Kousei is changing. Slowly but surely, the impact that Kaori is having on his life isn’t just something that shocks him – it is moving him to become a better person. In episode six of Your Lie in April (Shigatsu wa Kimi no Uso), the fruit of his relationship with Kaori is beginning to show.
The central figure in this beautiful episode, though, isn’t either Kousei or Kaori, who train and support, respectively, in preparation of the promised competition. It’s instead Tsubaki, who is suffering from a heavy case of jealousy at seeing how close her two friends have become. She misses the intimacy she once had with the Kousei – that special feeling that you may have experienced, too, when you know you’re the most important friend in the world to someone.
But although the action revolves around Tsubaki, it’s Kousei we see growing in episode six. At the end, he trades places with Kaori, a flip image from the one that begins the show, carrying her when she’s injured (physically and emotionally) instead the other way around from when they were kids.
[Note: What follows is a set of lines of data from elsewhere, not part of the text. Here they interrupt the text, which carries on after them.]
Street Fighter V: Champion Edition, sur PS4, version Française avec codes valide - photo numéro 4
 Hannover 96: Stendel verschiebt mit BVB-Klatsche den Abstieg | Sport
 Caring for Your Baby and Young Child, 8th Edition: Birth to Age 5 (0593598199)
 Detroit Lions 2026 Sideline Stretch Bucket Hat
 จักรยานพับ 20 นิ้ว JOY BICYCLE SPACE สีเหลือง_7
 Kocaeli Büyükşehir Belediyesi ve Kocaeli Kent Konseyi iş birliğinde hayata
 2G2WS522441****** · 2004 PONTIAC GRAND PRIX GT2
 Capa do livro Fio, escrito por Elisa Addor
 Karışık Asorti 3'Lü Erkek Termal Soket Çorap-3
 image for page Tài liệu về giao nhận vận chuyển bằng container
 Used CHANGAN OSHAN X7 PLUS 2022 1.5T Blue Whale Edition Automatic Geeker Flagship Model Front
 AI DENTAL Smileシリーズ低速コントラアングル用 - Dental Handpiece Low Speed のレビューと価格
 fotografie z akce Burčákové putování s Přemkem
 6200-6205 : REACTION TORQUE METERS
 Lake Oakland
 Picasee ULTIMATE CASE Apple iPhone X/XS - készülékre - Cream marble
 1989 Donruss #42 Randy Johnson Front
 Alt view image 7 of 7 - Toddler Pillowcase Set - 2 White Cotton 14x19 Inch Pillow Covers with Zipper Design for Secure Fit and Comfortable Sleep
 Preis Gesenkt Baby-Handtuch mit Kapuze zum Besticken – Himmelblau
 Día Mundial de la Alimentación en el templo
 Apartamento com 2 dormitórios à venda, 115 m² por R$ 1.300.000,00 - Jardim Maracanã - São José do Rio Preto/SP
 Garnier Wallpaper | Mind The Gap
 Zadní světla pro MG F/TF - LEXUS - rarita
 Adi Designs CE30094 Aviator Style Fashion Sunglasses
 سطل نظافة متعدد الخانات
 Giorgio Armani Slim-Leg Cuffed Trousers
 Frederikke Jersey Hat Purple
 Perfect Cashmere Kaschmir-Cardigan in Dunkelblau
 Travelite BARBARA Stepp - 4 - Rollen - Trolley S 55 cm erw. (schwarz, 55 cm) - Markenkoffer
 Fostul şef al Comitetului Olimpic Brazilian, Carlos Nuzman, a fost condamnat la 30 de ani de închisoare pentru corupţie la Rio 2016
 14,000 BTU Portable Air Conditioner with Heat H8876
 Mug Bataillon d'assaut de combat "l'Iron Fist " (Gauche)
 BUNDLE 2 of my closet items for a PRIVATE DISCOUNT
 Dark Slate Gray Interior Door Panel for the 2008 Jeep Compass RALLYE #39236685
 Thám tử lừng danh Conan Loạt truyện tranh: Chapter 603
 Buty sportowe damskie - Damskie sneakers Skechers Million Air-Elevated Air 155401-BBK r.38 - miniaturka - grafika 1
He shows compassion, strength, and maturity as he’s there for Tsubaki – maybe for the first time in her life.
Kousei also demonstrates his growth in a scene with Kaori, where the blonde tearfully apologizes for making him suffer through her aggressive pushiness. But again, Kousei responds maturely, thanking Kaori that she’s pushed him so, because he needed it.
Growing up is hard sometimes. It takes courage and it almost never comes without a few bumps in the road. Suffering is a sign that change may occur if we follow the right way – if we turn our “suffering into notes.”
A relationship with God is no different. The Bible never promises that when we become Christians, life will be hunky dory. We’ll suffer just as we have before – in fact, maybe even more so as we’re forced to face those dusty, stowed away pains in our heart, just as Kousei must face the dusty piano topped with piles of books. A response to the gospel is radical and whole – we can no longer hide these hidden pains away, not if we really believe what we claim to.
But it takes time. As Kousei barrels toward the competition, his improvement is very slow in coming. It’s ugly and off-key. And so it is with the Christian life. Conversion doesn’t mean perfection. As we let the grace of God work within us and come to understand the Father’s love for us, we face our demons, within and without, and progress toward becoming more than we once were.
Again, it takes time. It can be painful. And there will be setbacks. We’ll need the support of fellow “musicians,” the music of prayer and the word, and plenty of grace, forgiveness, and patience – the time that “musicians need to gaze up at the sky.” But change will come. The dusty pianos within us are now clean – we’re given new hearts. And in time, we’ll be able to hear those notes – and we’ll see beautiful music play out in our lives.